Performance

Concepts

CPU time is the time code spends running on the CPU, and can be divided into two categories:
- User time, or time spent in user-space.
- System (or privileged) time, or time spent in kernel-space.
The run queue is the list of runnable process: the tasks that are either currently running or are ready to run.
I/O wait is the time spent by a task waiting for I/O to complete. As a task isn't runnable in this state, the Operating systems is free to schedule other work.

Troubleshooting

Disk I/O

High throughput may indicate insufficient buffering of disk operations, insufficient throughput of the underlying storage.
- This might be caused by swapping, where physical memory is exhausted and pages are moved to swap (or page file) space on persistent storage.
Consider the ratio of read/write operations to read/written bytes. Low throughput may indicate a buffering issue: an application isn't reading or writing enough data.

Memory

Virtual memory allows the OS to overcommit its physical memory in terms of allocations. This is ideal for desktop applications, where workloads tend to be bursty and context switching between multiple applications is commonplace, but is less well-suited to servers or containers dedicated to single workloads which generally use all of their allocated resources.

Network

A LAN's optimal load is considered around 40% (assuming multiple NICs are competing for the available bandwidth). Beyond this point the rate of collisions means the network is consumed mostly by Ethernet traffic.

Profilers

Profilers may be either:

Sampling, where they sample the currently executing function at regular intervals. While these have a relatively low overhead, they're prone to somewhat misrepresenting relative costs (e.g. always sampling when threads are in states where it's safe to sample the stack, or at an interval which misses a significant event). It's unlikely that this is a problem in practice, given a sufficiently large time window and small sampling interval.
Instrumenting, where instrumentation is inserted directly into the application's code to record significant events. Whilst more intrusive and higher overhead, they can be more accurate (e.g. identifying functions inlined by JIT compilers).

Blocking function calls (e.g. performing select on a socket) indicate time spent waiting for I/O may be excluded from some profilers' visualisations, since they don't actively prevent the OS from scheduling other tasks.

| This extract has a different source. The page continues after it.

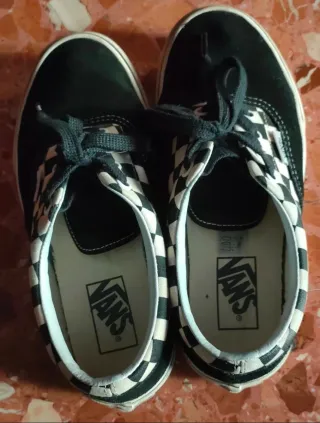 Zapatillas Vans Checkerboard Negras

It's easier to identify lock contention and synchronisation issues in a timeline view across threads than viewing the call times of individual functions.

Types of test

Throughput
Batch
Response/operation/transaction time
- Averages
- Percentiles

Variance in results

Student's t-test for p-value - the probability of a null hypothesis: that a baseline and specimen result are the same.
a-value sets the arbitrary point at which a delta is considered statistically significant.
statistical significance != statistical importance

Types of benchmarks

Nanobenchmarks
Millibenchmarks
Microbenchmarks test small units of program code, and may be useful for comparing algorithm implementations.
Mesobenchmarks are a middle ground between micro- and macrobenchmarks, and include dependencies.
Macrobenchmarks test within the full application.